The records START

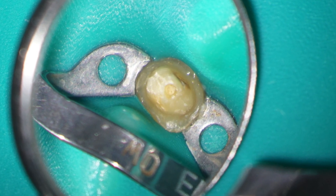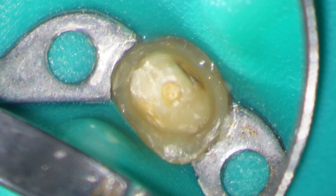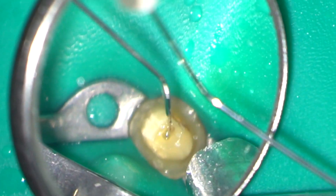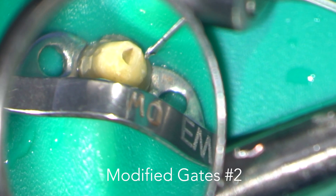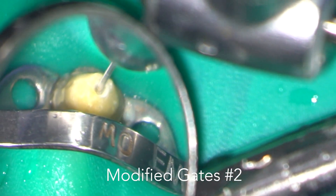The case was referred without any attempt at retrieval of the file and here you can see the small access cavity in the top of the crown preparation. After irrigating with 3% sodium hypochlorite I'm going to use a modified Gates Glidden Burr size 2 to make a staging post down to the head of the piece of fractured instrument.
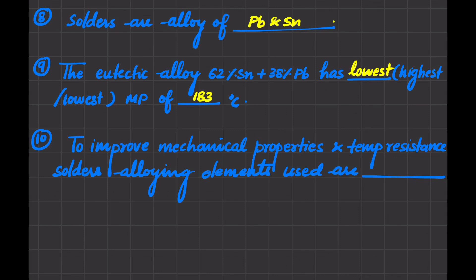The last question: to improve the mechanical properties and temperature resistance of solder, the alloying elements used are zinc, cadmium, and silver. That's all about the soldering process, thank you.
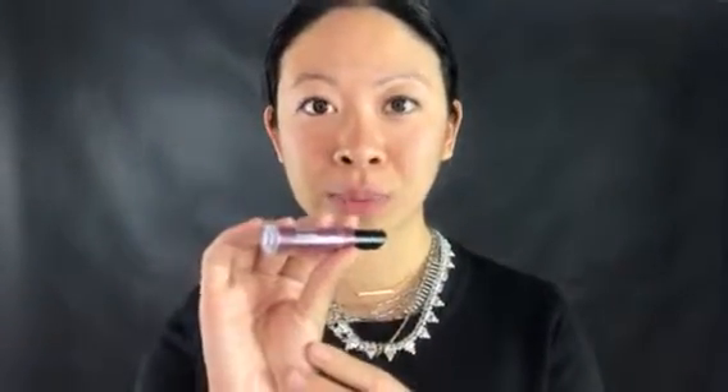One of the lipsticks I used to really love was Revlon ColorStay Ultimate Suede. What I'm going to do is compare — I'll be using Revlon on the left side, and then a color comparison is LipSense in Plum on my right side. We'll see throughout the day how it goes application-wise.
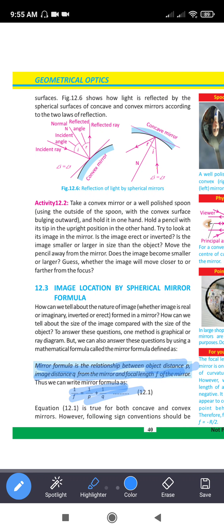The mirror formula is the relationship between object distance P, image distance Q from the mirror, and focal length F. So 1/F = 1/P + 1/Q. Q is positive when the image is on the front side and negative when on the back. P is negative when we have a virtual image.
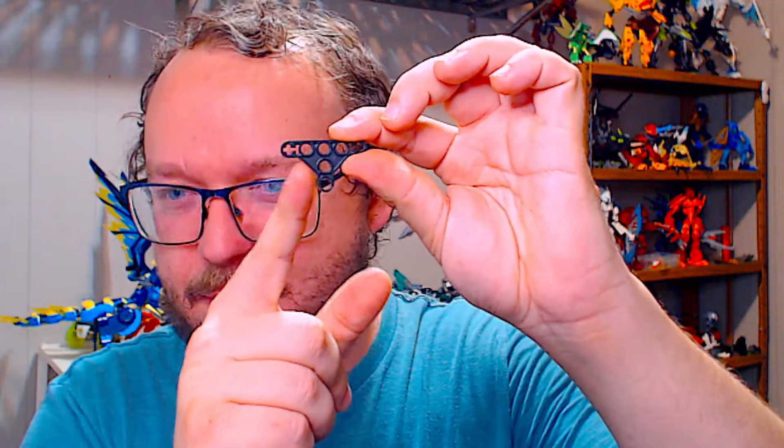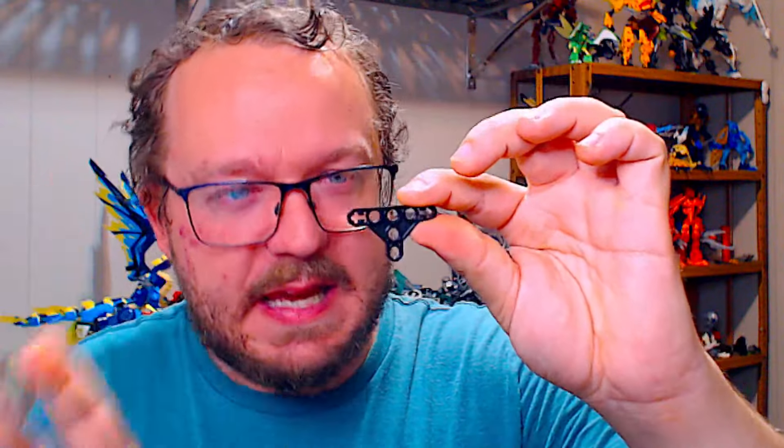Parts variants. I've talked about this in previous videos, and I will link the video where I talk about parts variants in depth. Suffice to say, I created a resource over on the Discord called the Parts Variant Form, and that form exists with the sole purpose of aiding buyers and sellers on Bricklink, but also aiding MOCists who want to understand when there are variations between colors that may not be listed on Bricklink.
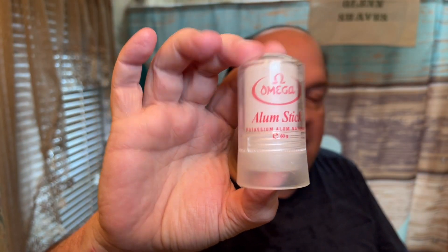My shaves have been nick-free for a long while where I actually had any bleeding, but I am on blood thinners, so if it's deep enough it will bleed. I'm gonna pull out the Omega alum stick — I actually don't have it out because I haven't nicked myself in a while. Usually the alum block will stop it. Just want to make sure I wipe the stick down when I'm done, because if you put it away without drying it'll grow some funk. I'll just rub that alum in for a little bit.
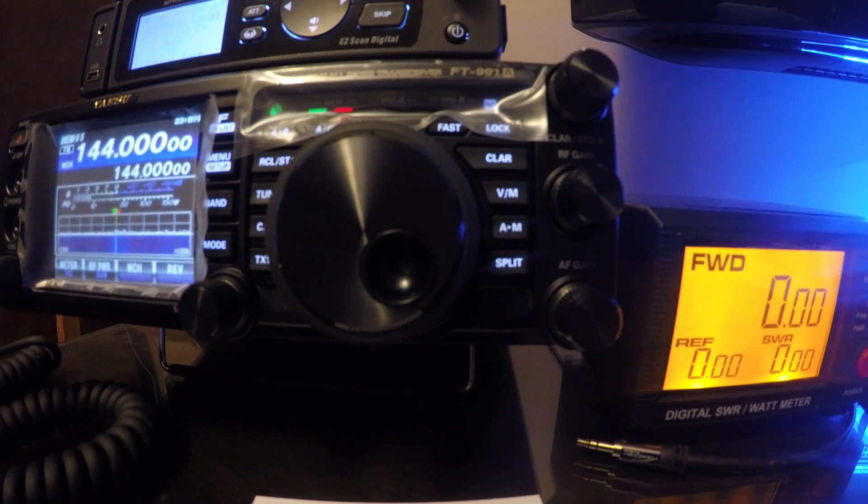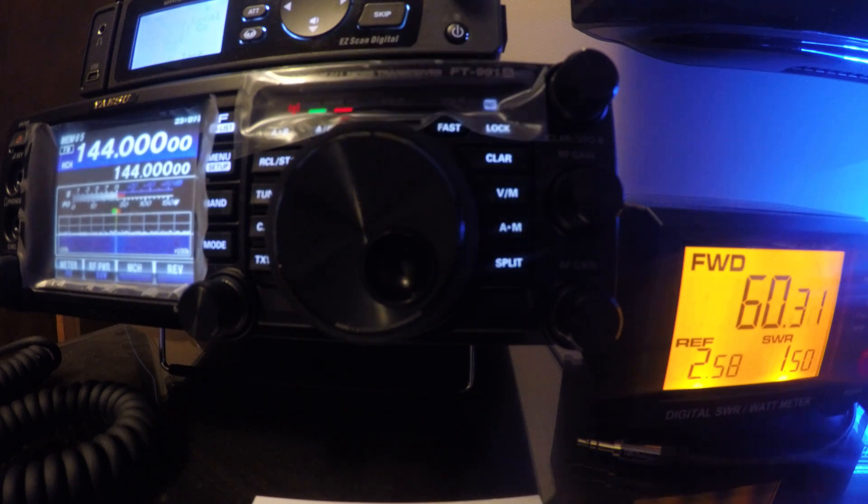Alright, 991A latest firmware. I'm just testing my power output. I'm going to test it on 144.0 — KB2MXV — 60 watts, SWR 1.5.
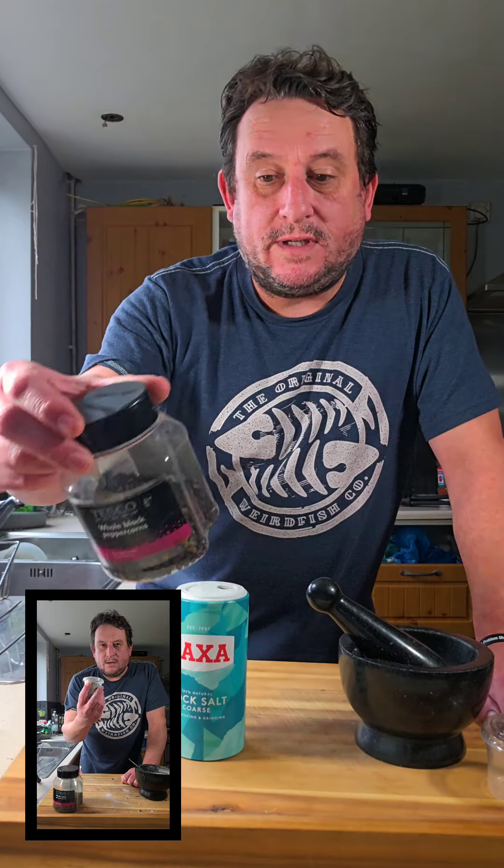Here's how I grind my own salt and pepper mix. We're going to use whole black peppercorns, some rock salt or sea salt, and a pestle and mortar. Let's do it!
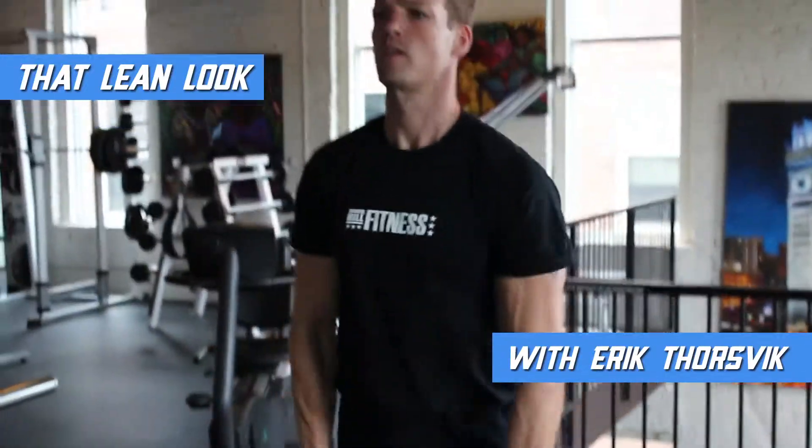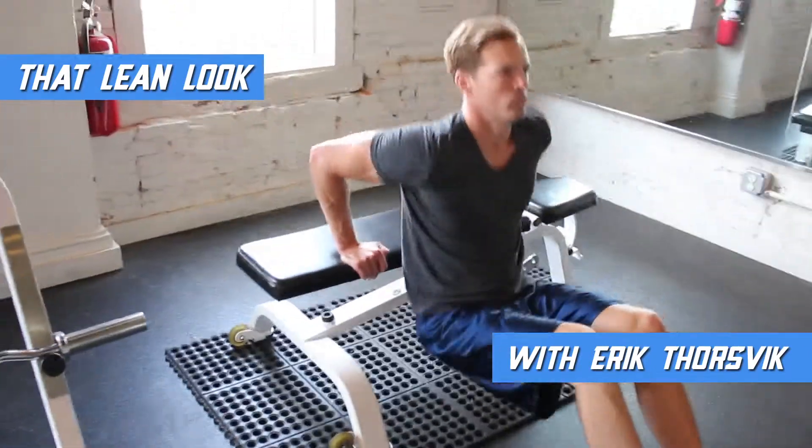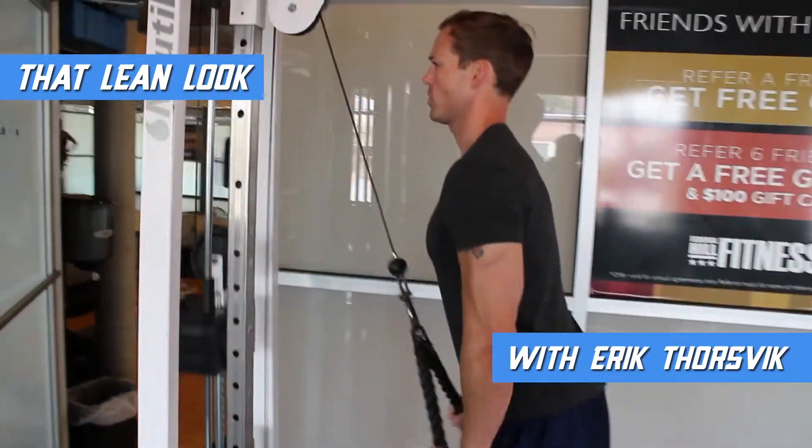My name is Eric Thors, fat loss expert, personal trainer, contributor to some of the biggest fitness magazines in the world, and founder of That Lean Look.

The records END

▶ [Your assignment] The required output consists only of the lines from the one containing "Alright, 991A latest" to the last line of the material, reproduced exactly, pictures excluded.

▶ [Result for this task]
Alright, 991A latest firmware. I'm just testing my power output. I'm going to test it on 144.0 — KB2MXV — 60 watts, SWR 1.5.
Here's how I grind my own salt and pepper mix. We're going to use whole black peppercorns, some rock salt or sea salt, and a pestle and mortar. Let's do it!
My name is Eric Thors, fat loss expert, personal trainer, contributor to some of the biggest fitness magazines in the world, and founder of That Lean Look.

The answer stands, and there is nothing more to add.